2014: Many changes, many firsts
Having been able to serve as president of ISA was one of the highlights of my professional career—a career that spanned almost 40 years. On a personal note, my presidency year (2014) marked the 20th year of my involvement in ISA. Of course, I was keenly aware that the Society had only had one previous female president in its history. More importantly, I knew that I was the Society’s first African American president. I had had the privilege of working with these amazing automation professionals from around the globe and across a broad spectrum of industry sectors, government, and academia in the past, but to have the responsibility of leading teams of leaders across ISA’s departments and in geographic sections was an honor.
My journey began and ended with change and several “firsts.” A family conflict caused me to be unable to attend the 2012 leaders meeting, so my appearance and presentation before the Nominating Committee was done via Skype—a first.
In 2013, as ISA president-elect secretary and chief strategy officer, I began leading change, so the Society would be better positioned to take advantage of both existing and new markets by leveraging all its resources—all its entities and constituents—around a shared vision. My efforts were facilitated by the Council of Society Delegates’ change in governance structure, which moved the responsibility of setting strategic direction from the strategic planning department to the executive board. ISA also made first steps toward developing a competency-based board.
In 2014, we held our first executive summit in Greensboro, N.C. Leaders identified five strategic goals: data, content, coolest delivery, global authority on industrial control system cybersecurity, and advocacy of automation as a profession. For the first time, all of ISA leadership and its constituents had a shared mission, vision, strategy, and goals. And for the first time in its history, ISA’s entire strategic plan could be depicted on a business card!

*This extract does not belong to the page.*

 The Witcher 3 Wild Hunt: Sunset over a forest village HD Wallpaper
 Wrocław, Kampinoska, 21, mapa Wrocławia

At the end of my term, I said that ISA’s future was bright. I still believe that to be true. As ISA moves beyond its 75th anniversary, we must remain agile and have the courage to embrace and change with the changing face of automation and the automation profession. We must continually evolve—review, analyze, and change. My advice to Society leaders is to stay agile and open minded while you embrace change and innovate. Be willing to morph and change operational paradigms. Be diverse and inclusive. Find ways to practice engagement at all levels.